WORK REQUEST —
Word for word, return the lines below from the first through the line that has "Image similar to", dropping the pictures.
Top of THE RECORDS
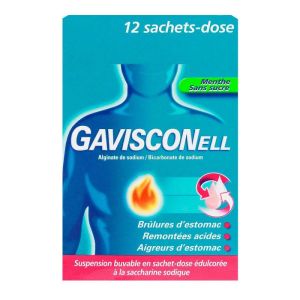 Gavisconell Suspension Buvable Menthe Sans Sucre boite de 12 sachets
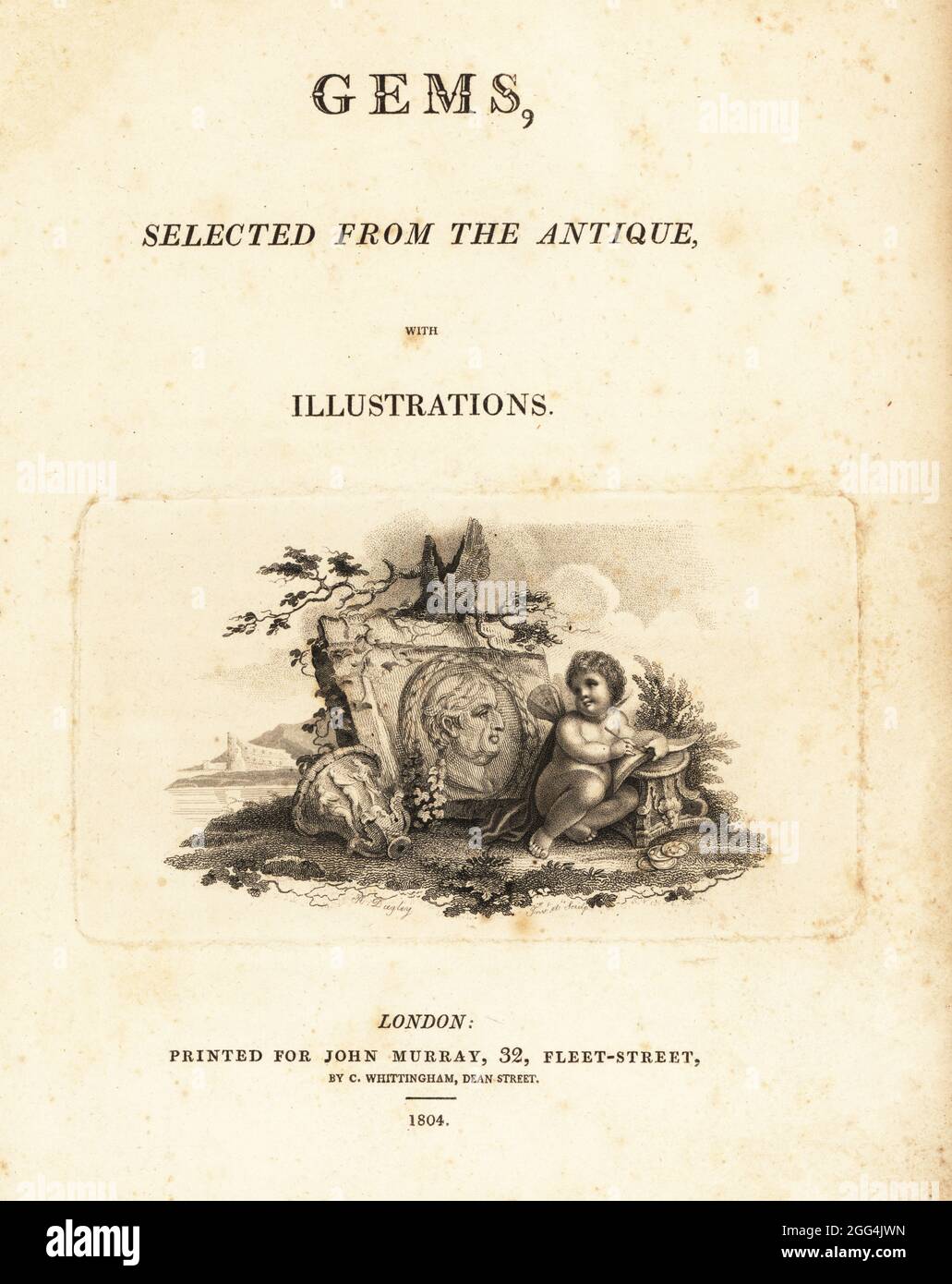 Title page with calligraphy and vignette of winged Cupid writing in a book. Near antique ruins with vase, plinth, coins, and bust with wreath. Copperplate engraving drawn and engraved by Richard Dagley from Gems, Selected from the Antique, with Illustrations, John Murray, London, 1804. Stock Photo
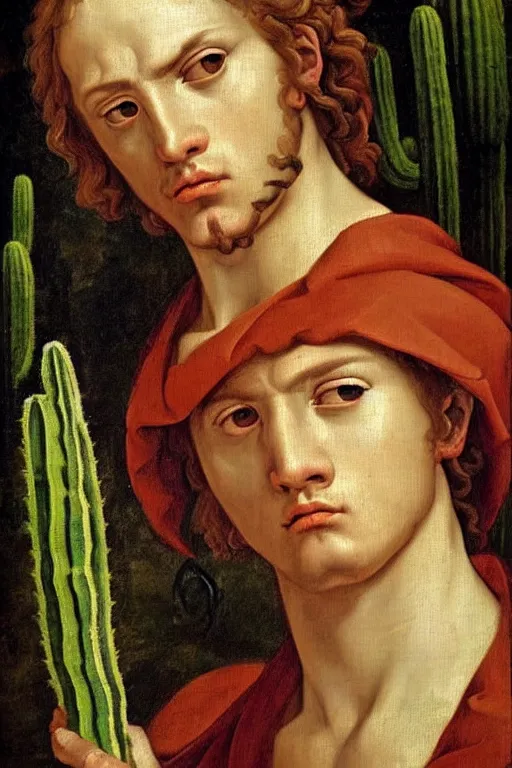 Image similar to renaissance painting of evil men, portrait, face closeup, emotions closeup, dressed in spartan armour, the beautiful garden with cactus everywhere, ultra detailed, art by guido reni style, vincenzo catena style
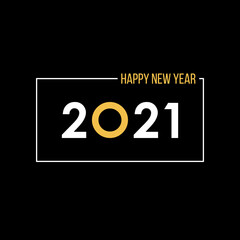 2021 happy new year, simple vector poster or greetings card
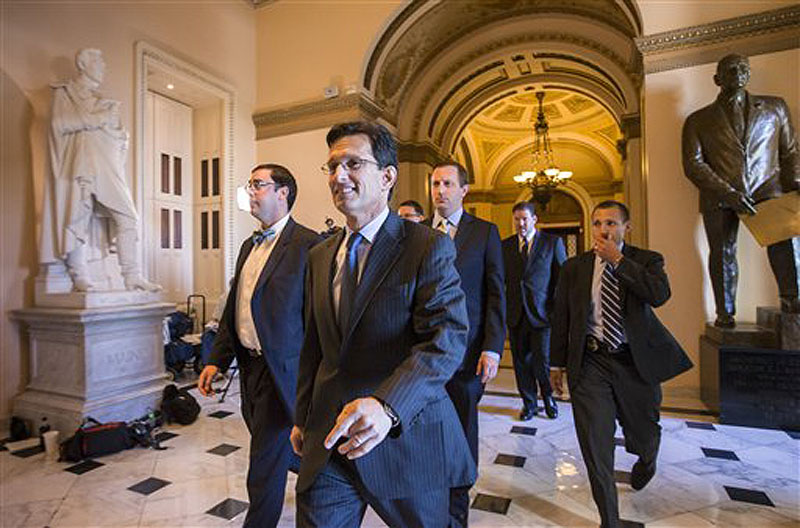 House Majority Leader Eric Cantor, R-Va., leaves the floor of the House on Friday. The Republican-controlled House passed a bill that would prevent a government shutdown while crippling the Affordable Care Act. It has little chance of passage in the Senate.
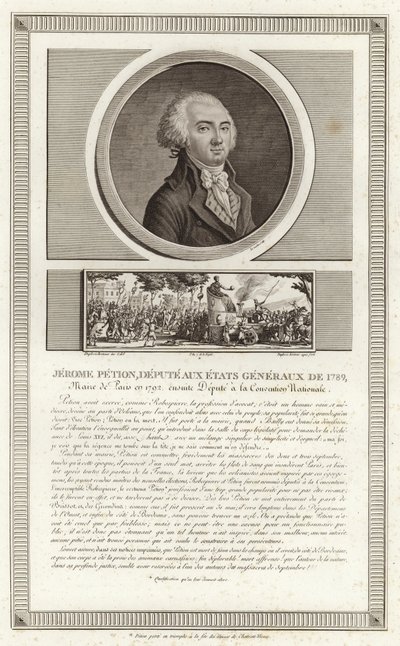 Portret van Jerome Petion de Villeneuve door Jean Duplessi Bertaux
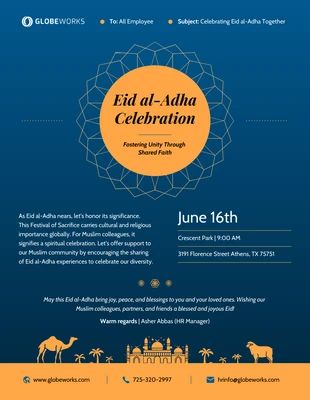 business  Template: Eid al-Adha Celebration Email Newsletter Template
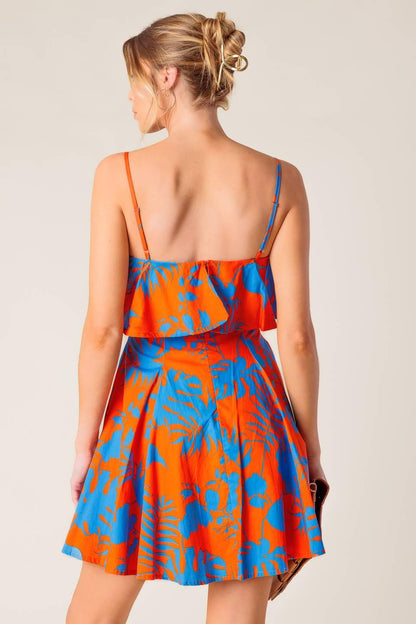 Stopping Time Orange Woven Mini Dress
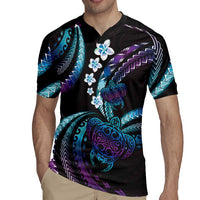 Hawaii Turtles Plumeria Rugby Jersey Amethyst Gradient Polynesian Pattern LT01 - Polynesian Pride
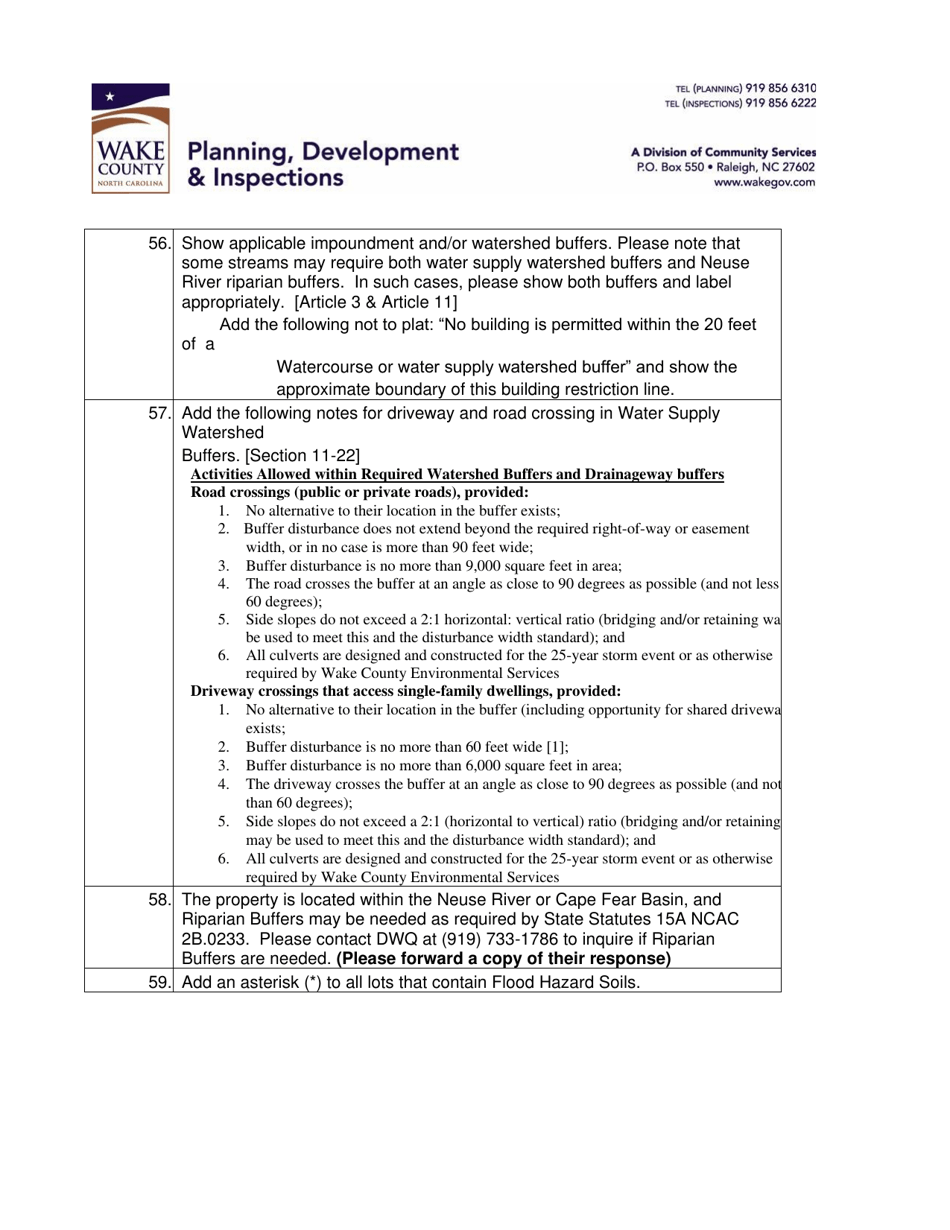 Regular Final Plat Subdivision Checklist - Wake County, North Carolina, Page 4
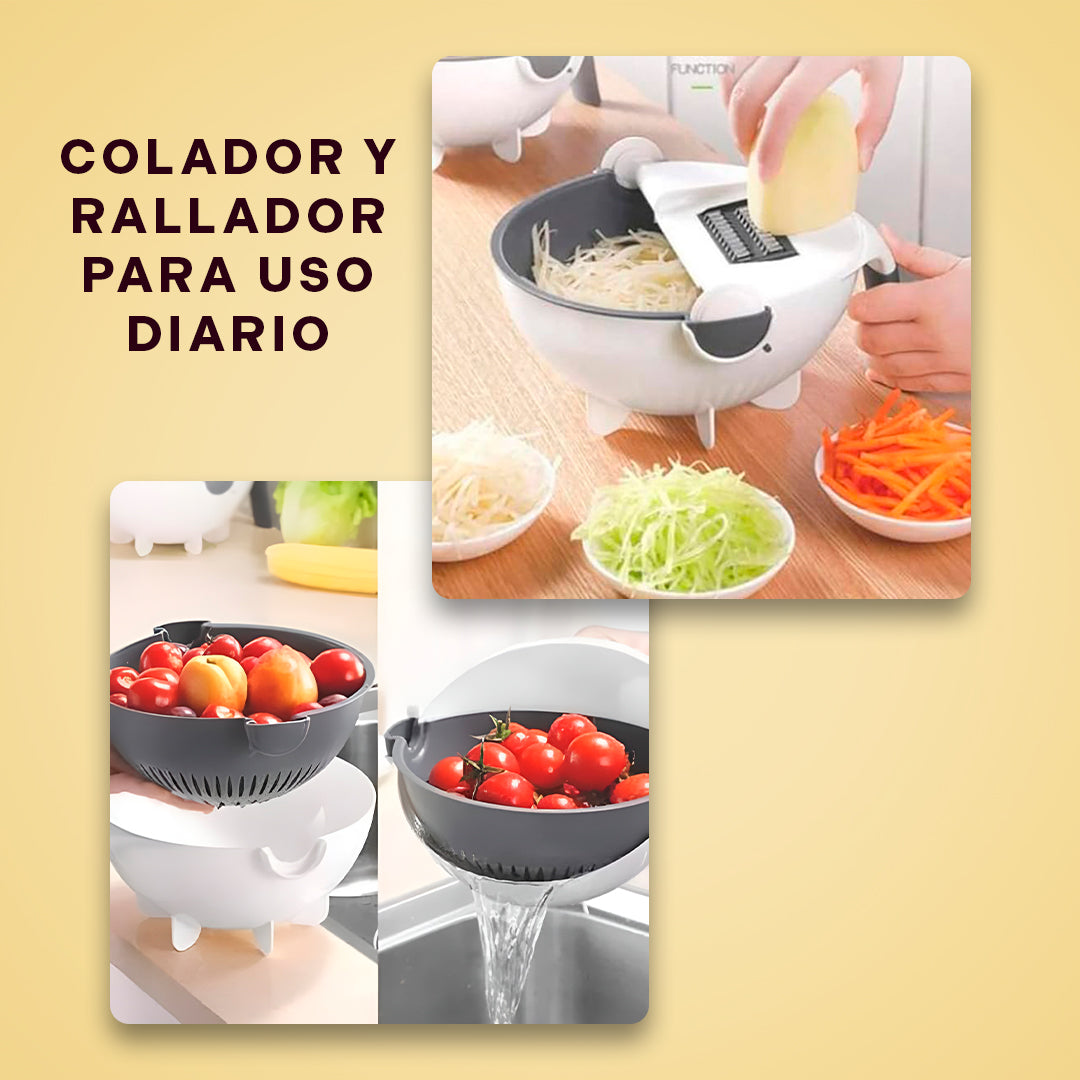 ALEISSI™ | Rallador, Picador, Colador Multiusos Giratorio para Frutas y Verduras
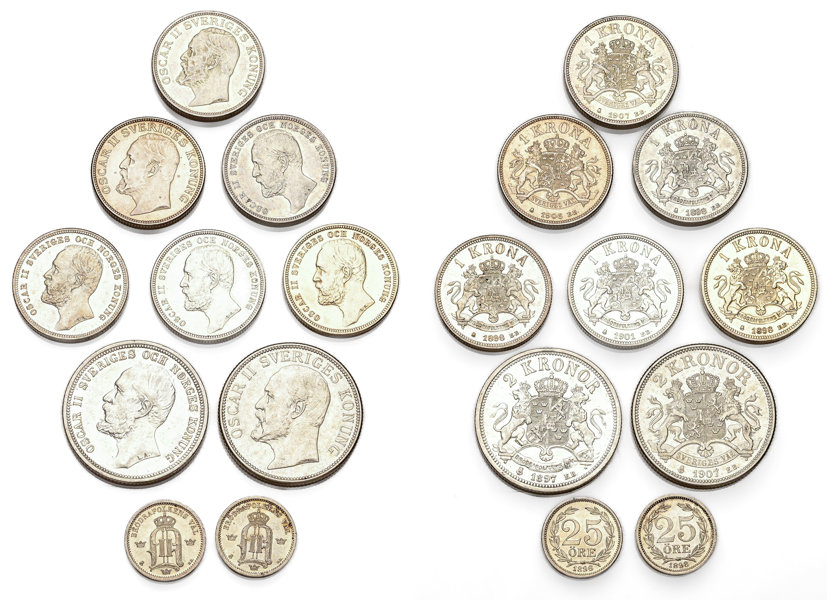 OSKAR II (1872-1907). Lot of 10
Bottom of THE RECORDS
FINISHED EXERCISE —
 Gavisconell Suspension Buvable Menthe Sans Sucre boite de 12 sachets
 Title page with calligraphy and vignette of winged Cupid writing in a book. Near antique ruins with vase, plinth, coins, and bust with wreath. Copperplate engraving drawn and engraved by Richard Dagley from Gems, Selected from the Antique, with Illustrations, John Murray, London, 1804. Stock Photo
 Image similar to renaissance painting of evil men, portrait, face closeup, emotions closeup, dressed in spartan armour, the beautiful garden with cactus everywhere, ultra detailed, art by guido reni style, vincenzo catena style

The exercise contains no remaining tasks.